Young August knew as much as the man on the street about Larchcroft, who carried the moniker "Man of Light" precisely because he'd shown the world what could be accomplished by manipulating that most elemental of substances. For working his alchemy of luminescence, turning the grim beautiful, the threadbare new, the physical spiritual, and the false true, the world had paid him handsomely. He'd come to the attention of the public while still in his twenties—not much older than August himself—by one night lighting, with five perfectly placed beacons, merely candle
power and large lenses, the local bank of his hometown so that the entire building, with its marble columns and decorative arch, appeared to float a good two feet off the ground. Since then he'd gained world renown as a visionary of illumination. Customers famous, infamous, and pedestrian patronized his services for a myriad of reasons. He utilized his expertise in all types of light imaginable, from sunlight to starlight, firefly to flame, to satisfy any and all requests.
One simple example of Larchcroft's magic was his personalized makeup regimen for discerning women. Of course this process didn't achieve the same level of international notoriety as his famous feat of lighting a battlefield to appear like Heaven—the corpses transformed into heaps of sleeping angels; an overturned war wagon taking on the very countenance of God—but the secrets of his cosmetics had been revealed by him whereas those of his more flamboyant efforts had not. Patrons had written to him with the simple request that he use his art to make them appear younger.

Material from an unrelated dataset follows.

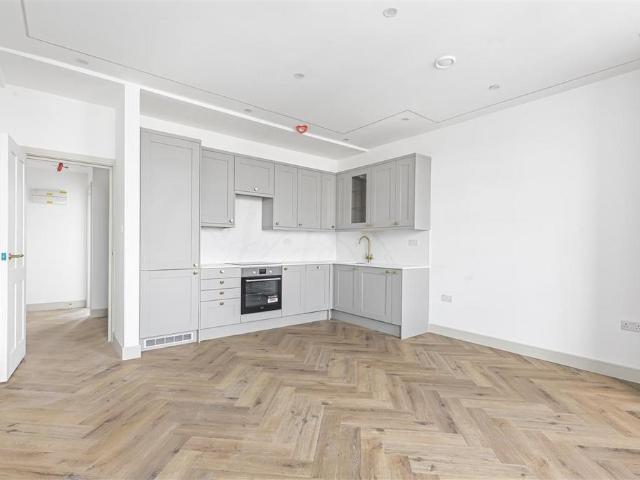 Flat for sale in Southfields, Greater London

He produced a makeup that directed light to magically vanish extra chins, smooth wrinkles, negate crow's feet, and offer up to the world the radiance of youth and health. The idea had come to him when his constant research led him to read that the old masters, in the production of their paints, ground substances to a certain coarseness or fineness with a mind toward how each would refract and reflect. These painters knew exactly what would happen to light when it came in contact with their homemade paint and through well-wrought strategies of intersecting beams were able to make their images appear to glow from within.

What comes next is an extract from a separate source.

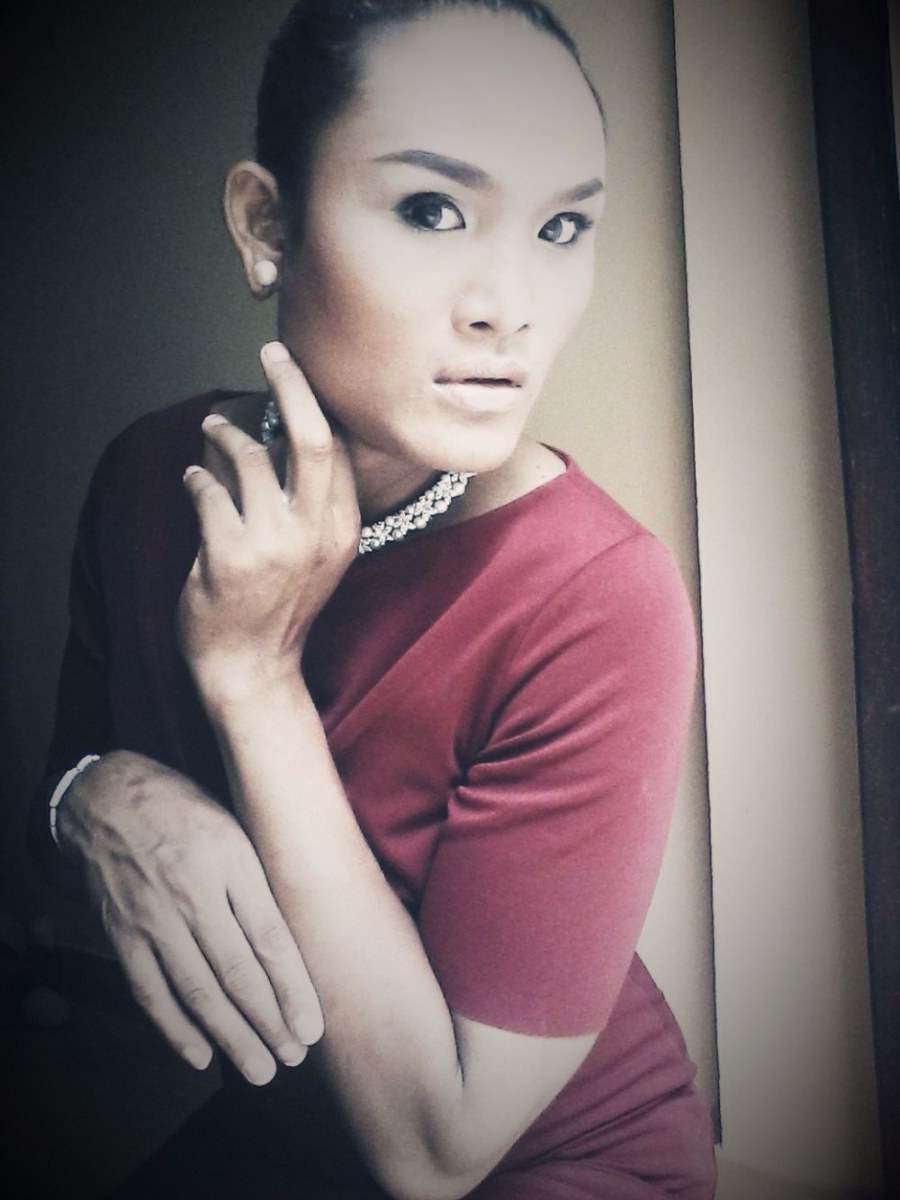 นางแบบหน้าเก๋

Larchcroft did the same with powder and rouge and eyeliner and for his efforts achieved even more remarkable results. Each patron's features were assessed by his people and prescribed an idiosyncratic formulation of makeup and a special plan of application. Crones appeared coquettes, and the plain-faced were transformed into sultry temptresses, so that by the end of an evening of socializing many a man found himself smitten with someone's grandmother. This rarely became an issue, for as many men purchased the same service, and since the process negated the ravages of age equally at all ages, the man finding a grandmother was more than likely someone's grandfather.